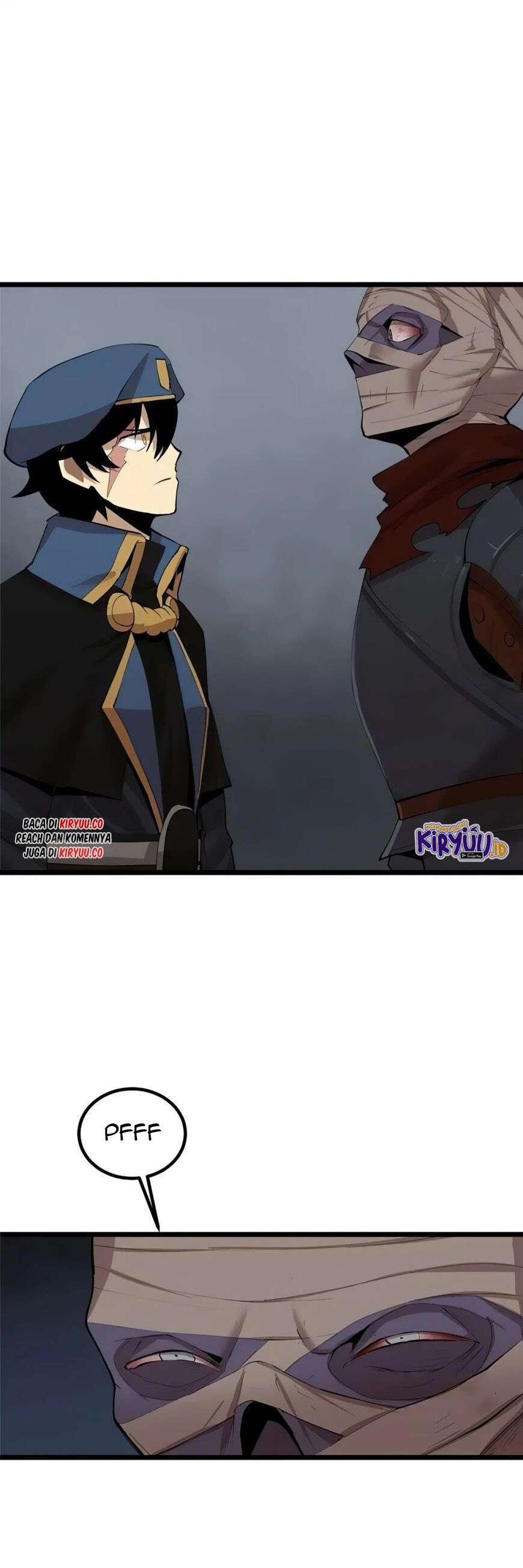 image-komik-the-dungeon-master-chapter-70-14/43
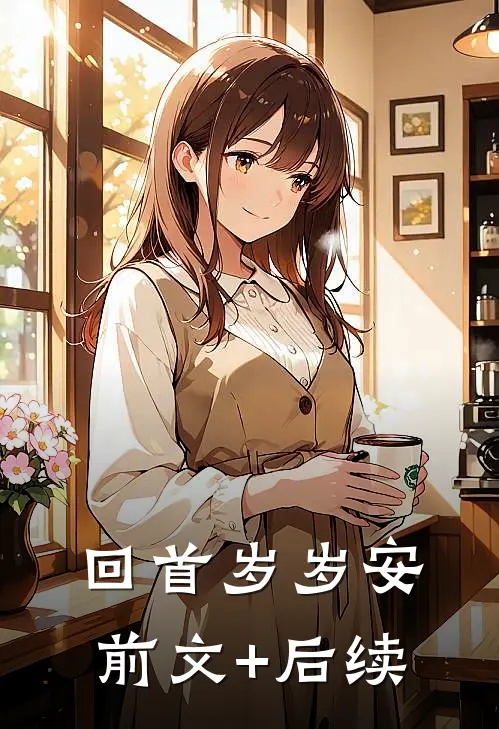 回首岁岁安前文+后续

---

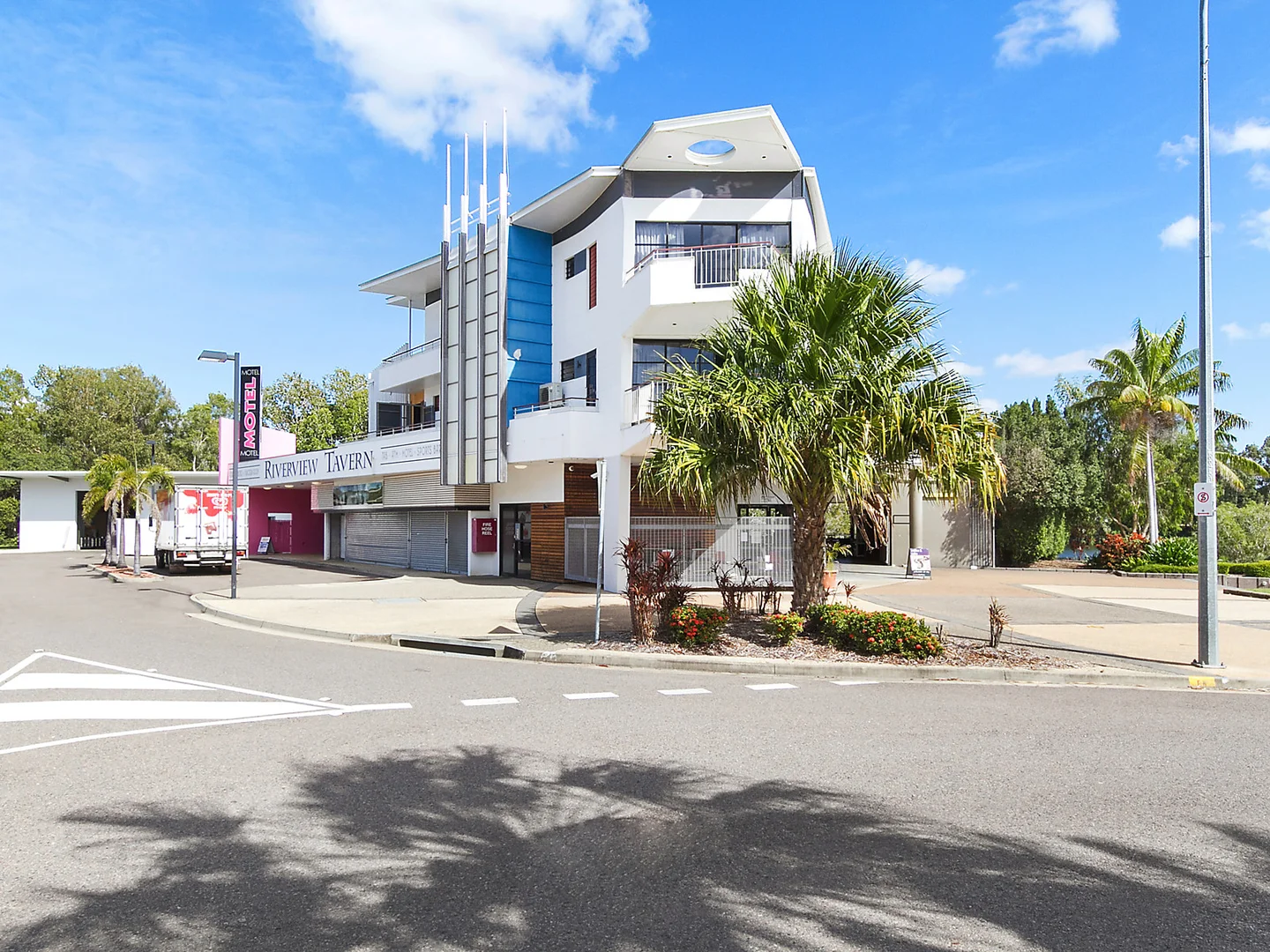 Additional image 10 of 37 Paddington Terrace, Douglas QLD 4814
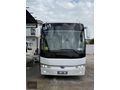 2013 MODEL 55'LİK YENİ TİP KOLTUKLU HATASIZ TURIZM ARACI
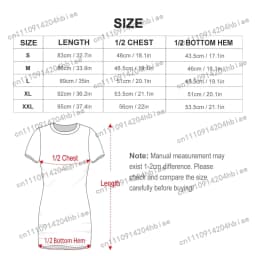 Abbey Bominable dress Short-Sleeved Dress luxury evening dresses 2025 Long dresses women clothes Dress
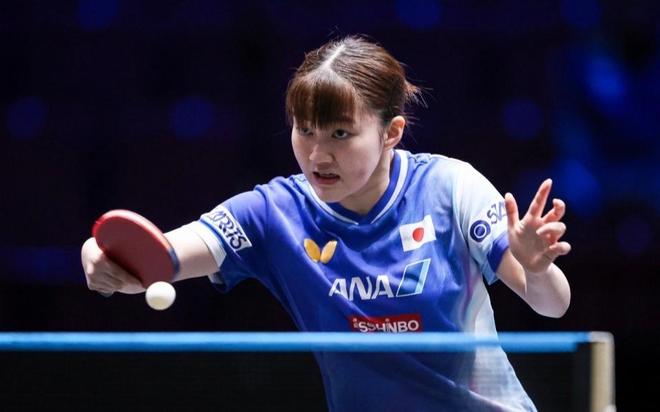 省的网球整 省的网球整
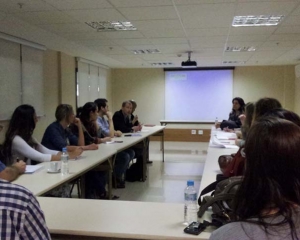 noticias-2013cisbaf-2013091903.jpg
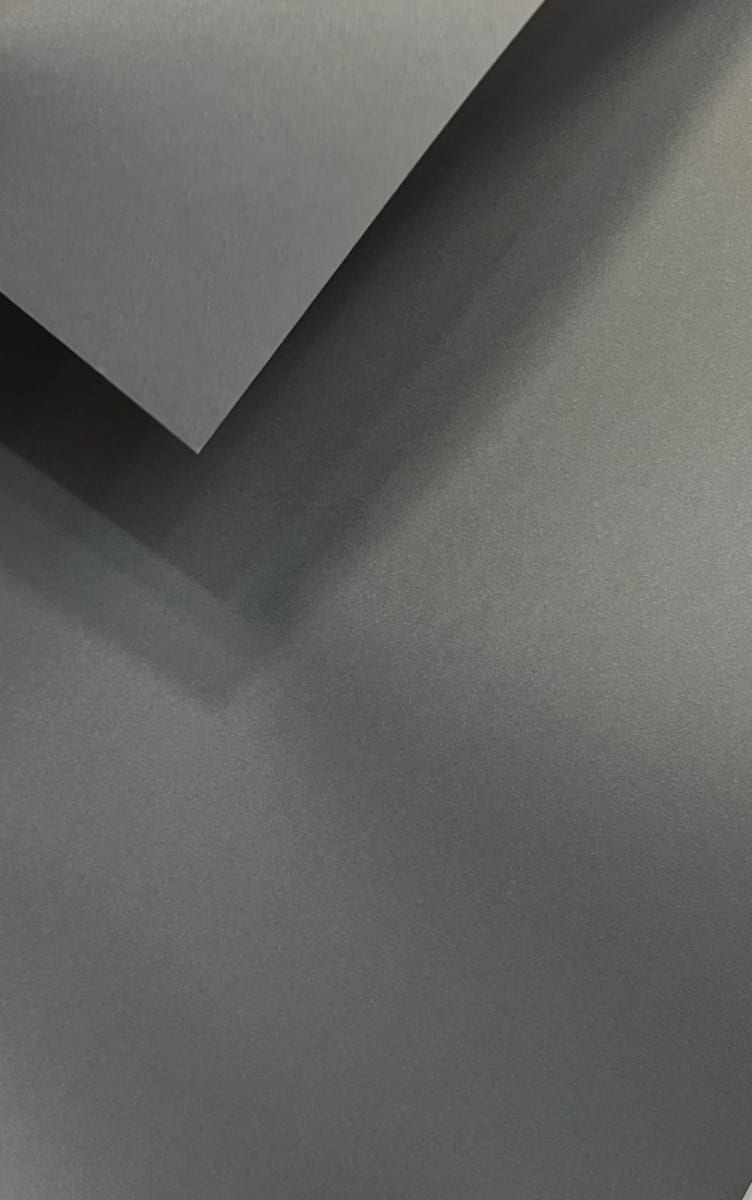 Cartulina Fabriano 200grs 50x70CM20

• [What the exercise asks] What's needed is an exact copy of the records above from the line containing "省的网球整 省的网球整" down to the line containing "Cartulina Fabriano 200grs 50x70CM20", both included, without any pictures.

• [Output of the task]
 省的网球整 省的网球整
 noticias-2013cisbaf-2013091903.jpg
 Cartulina Fabriano 200grs 50x70CM20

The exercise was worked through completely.